Investors’ hot-and-cold-running love affair with oil and natural gas is running cold at the moment.
West Texas Intermediate Crude (WTIC) is down 13% in the past two weeks. Investors are worried demand could slacken in the Far East following the hard sell in Chinese equities. Concurrently, they’re worried Iran could swamp the market with crude once economic sanctions are lifted.
As for the other major liquid fuel, natural gas, it continues to hover near 2015 lows. The outlook for a temperate summer and a mild winter, coupled with stockpiles above their five-year average, has investors thinking natural gas prices are going nowhere fast.
That’s today’s sentiment. Tomorrow’s could be – and likely will be – different. Investor ardor for energy can turn in a New York second. WTIC at $35 a barrel in March 2009 blossomed to $70 a barrel three months later. Natural gas at $2.70 per million BTUs in September 2010 spiked to $6 per million BTUs by December.
As the price of energy goes, so goes the price of energy companies. Most are priced low, and that’s pushed yields high. Time to buy, if you know what to buy.
Calumet Specialty Products Partners LP (NASDAQ: CLMT) is one for the short list. It yields over 10%. Just as important, the distribution that supports that yield is rock solid.
Calumet refines oil and manufactures an array of high-end waxes and lubricants.

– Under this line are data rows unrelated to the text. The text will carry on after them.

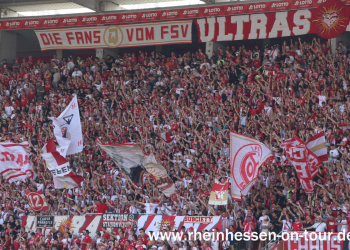 (03)_fcu_h_2223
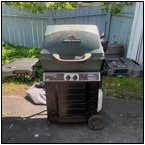 AUCTION ITEM:mp0617M045t.jpg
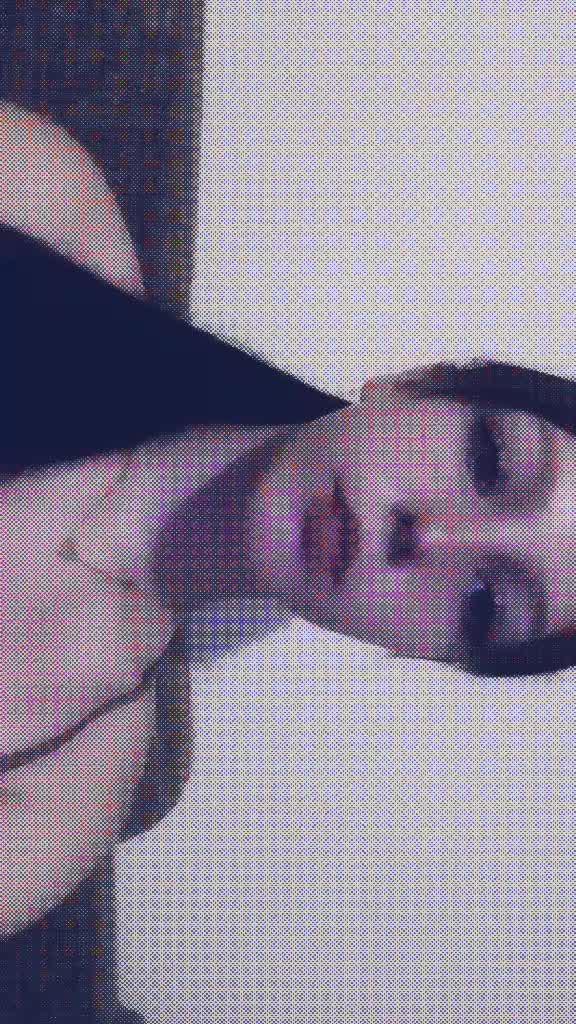 @fleur_noir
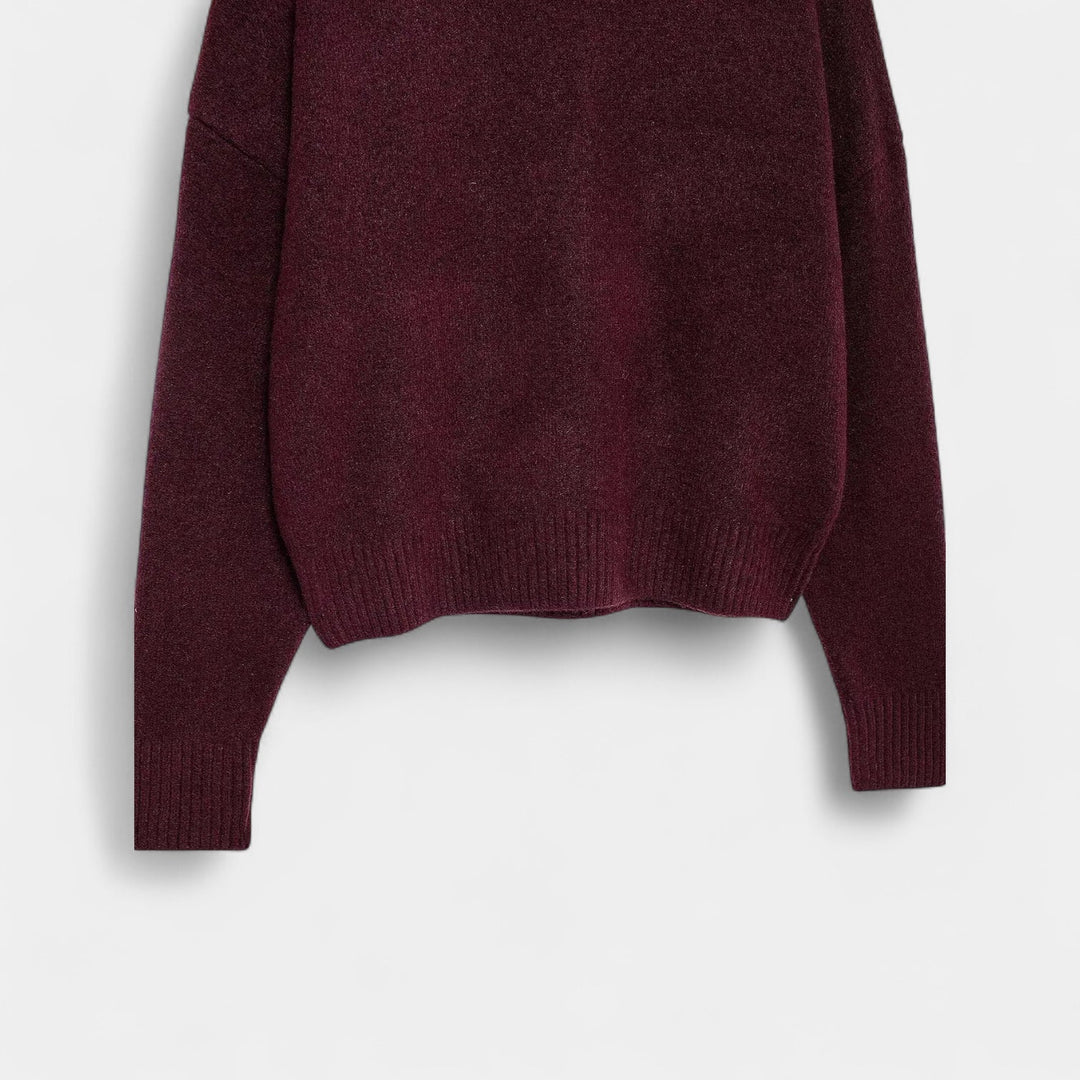 Delilah | Women&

Calumet has been a tough sell for the past year. I see a safe high-yield distribution, but many analysts contradict my opinion. Calumet’s units are depressed because many investors have been led to believe a distribution cut looms. Why the belief persists is a mystery.
Calumet continues to generate plenty of cash. In the first quarter of 2015, it generated $125 million in EBITDA (earnings before interest, taxes, depreciation and amortization) compared to $83 million in the year-ago quarter. More important, distributable cash flow – which pays the distribution – came in at $94.1 million compared to $49.4 million a year ago. Calumet’s distribution coverage ratio was 1.6 times in the first quarter versus 0.9 times last year at this time. The distribution isn’t going anywhere.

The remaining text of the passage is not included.